Process of Establishment of Association of Shape Memory Alloy (ASMA), Present Situation and Issues
This association was inaugurated in 1993, and the present author became the first president, served for 12 years and retired this March. I would like to take this opportunity to put pen to paper about the above title because I want new members to know the background and present situation of this association and to make efforts towards the continuing development of this association.
Ti-Ni shape memory alloy was discovered in the US Naval Ordnance Laboratory in 1963 and some patent applications were immediately filed for methods of application in the United States and the Netherlands, but they didn’t successfully lead to practical application.

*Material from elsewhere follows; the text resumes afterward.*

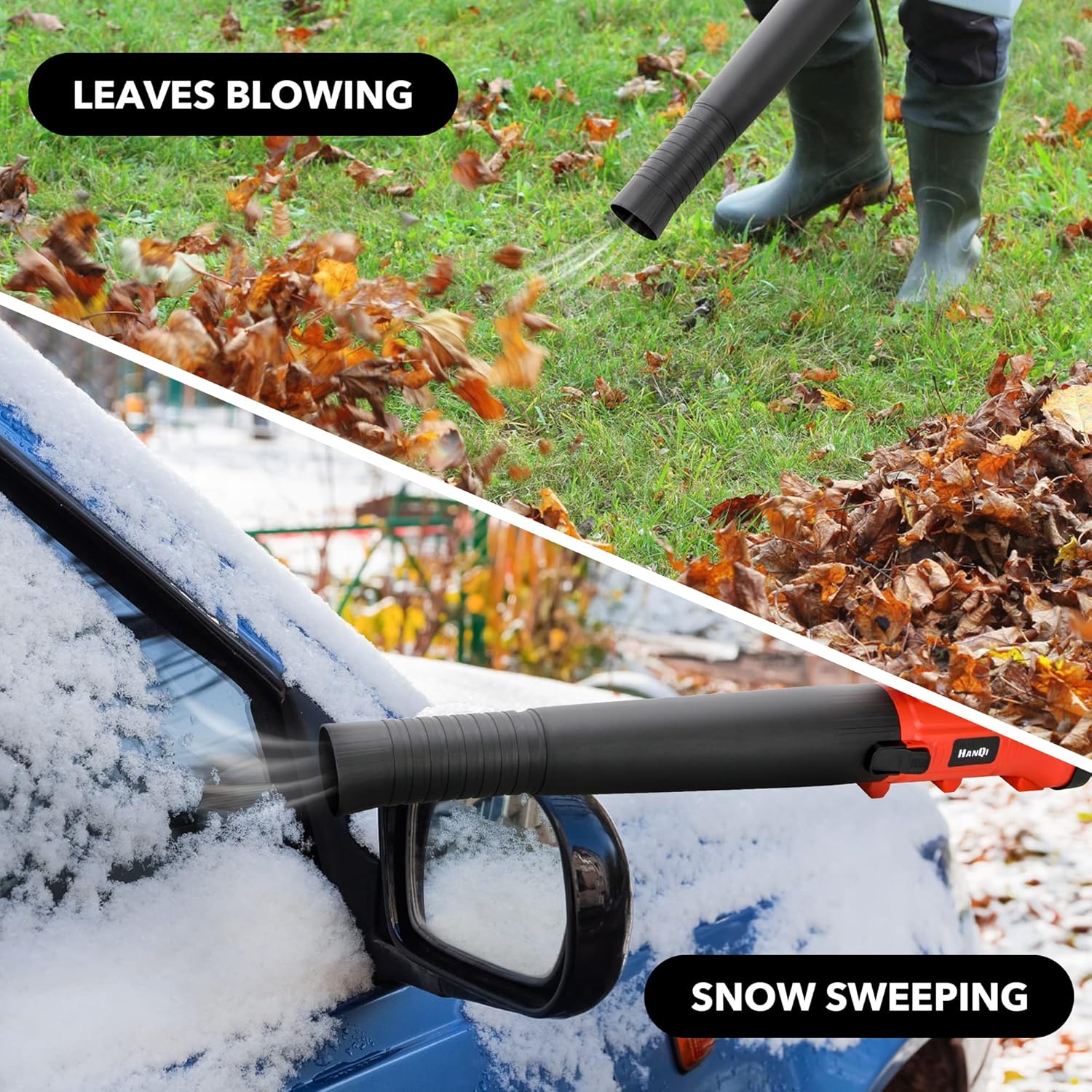 Cordless Leaf Blower 400CFM 6-Speed 150 MPH with Two 4.0Ah Battery & Charger Electric Handheld Leaf Blower for Lawn Care Sweeping Snow and Surface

However, Raychem Corporation (USA) commercialized pipe couplings made of Ti-Ni shape memory alloy in the 1970s, which was applied to hydraulic oil pipes in the F-14 fighter plane, therefore Ti-Ni shape memory alloys were introduced to mass-production. At that time, Professor Otsuka(note 1) and the present author revealed the mechanism of the shape memory effect and clarified the necessary conditions shape memory alloys should fulfill, following this, other shape memory alloys, such as Cu alloys were discovered.
In 1975, the first international symposium on shape memory alloys was held in Toronto, Canada. The patents of Ti-Ni shape memory alloys expired in the early 1980s, which led to the opening up of the development of the materials and their application methods at a worldwide level. In Japan, two private organizations herein after mentioned (one of them is a semi-private organization) were formed, and the ASMA was established by combining them. The subsequent active researches on fundamentals and application of shape memory alloys were carried out with enormous achievements.

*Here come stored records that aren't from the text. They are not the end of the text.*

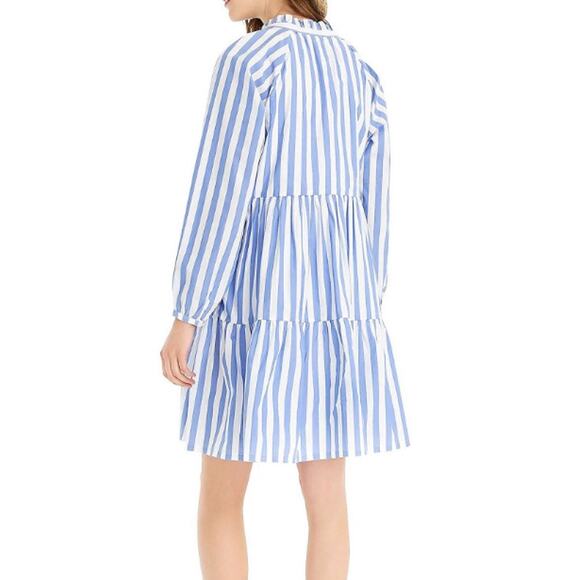 J. Crew Tiered Popover Poplin Mini Dress Blue Striped Size Medium - Picture 4 of 14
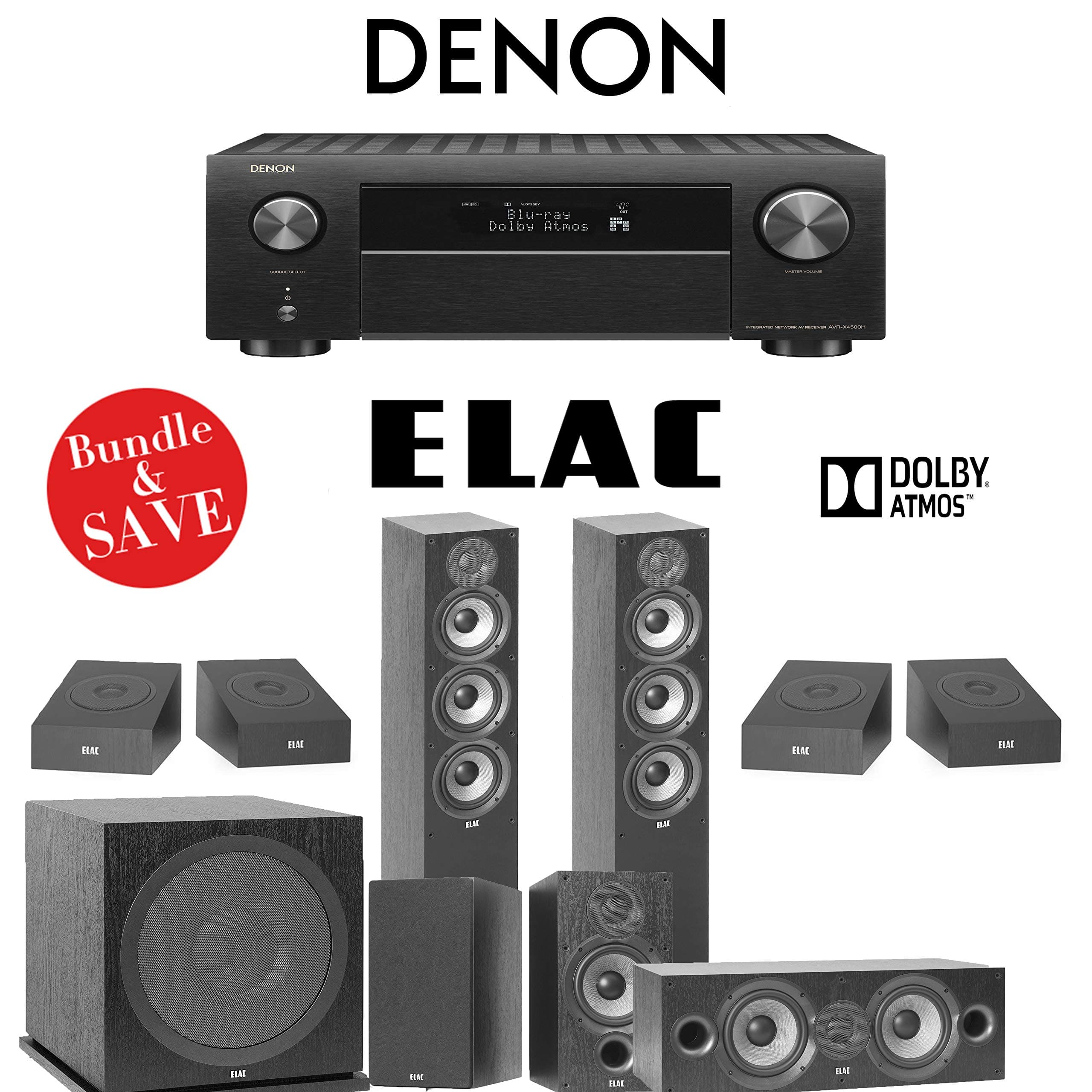 Elac F5.2 Debut 2.0 5.1.4-Ch Dolby Atmos Home Theater Speaker System with Denon AVR-X4500H 9.2-Channel 4K Network A/V Receiver
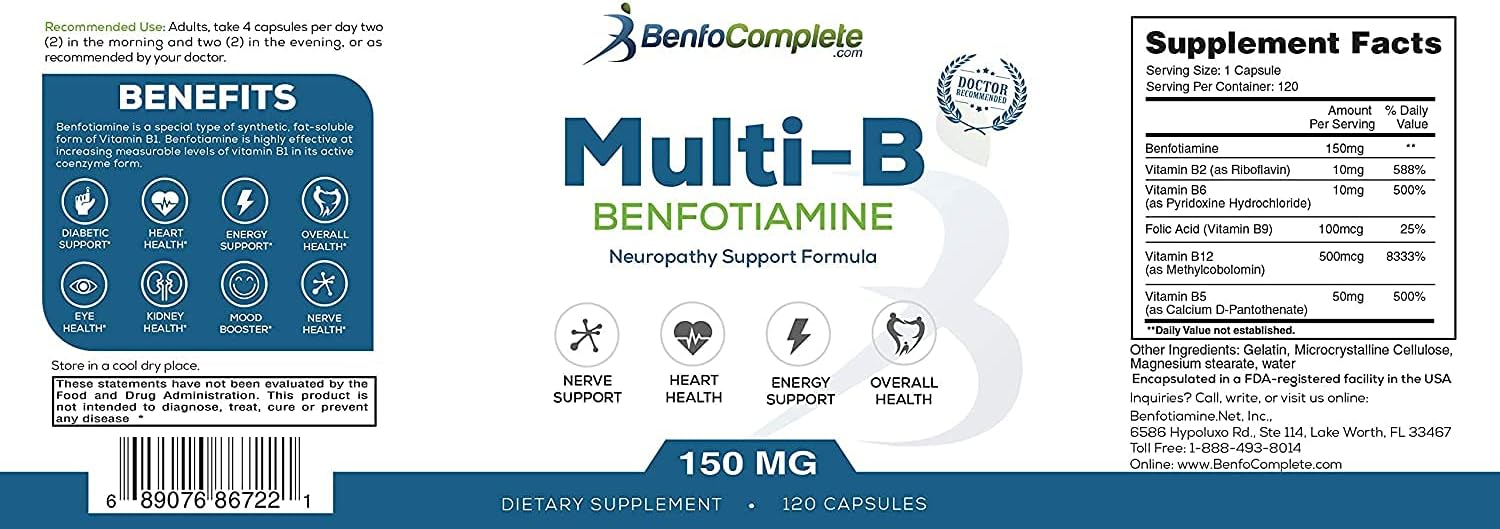 360 Capsules BenfoComplete Benfotiamine Multi-B Neuropathy Support Formula - Pack of 3 Bottles for Nutritional Support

(note 1) Professor Emeritus at Tsukuba University, regular member of ASMA
(1) Osaka Science & Technology Center, Development of Shape Memory Alloy Application Committee and Shape Memory Alloy Division
Under the circumstances of the development mentioned above in the 1960s-1970s, the "Development of Shape Memory Alloy Application Committee"(note 2) was formed in the Osaka Science & Technology Center. Assisted by the new materials boom, industry-academic-government collaboration started to research the situation of the development of shape memory alloys and their applications, methods of evaluation, the issues concerned with the development for alloys and applications and, furthermore, the framework of the development. As a result, they arrived at the conclusion that first of all there should be standardization of technical terms on shape memory alloys in academic and technical fields, and of the methods of measurement of martensitic transformation temperatures.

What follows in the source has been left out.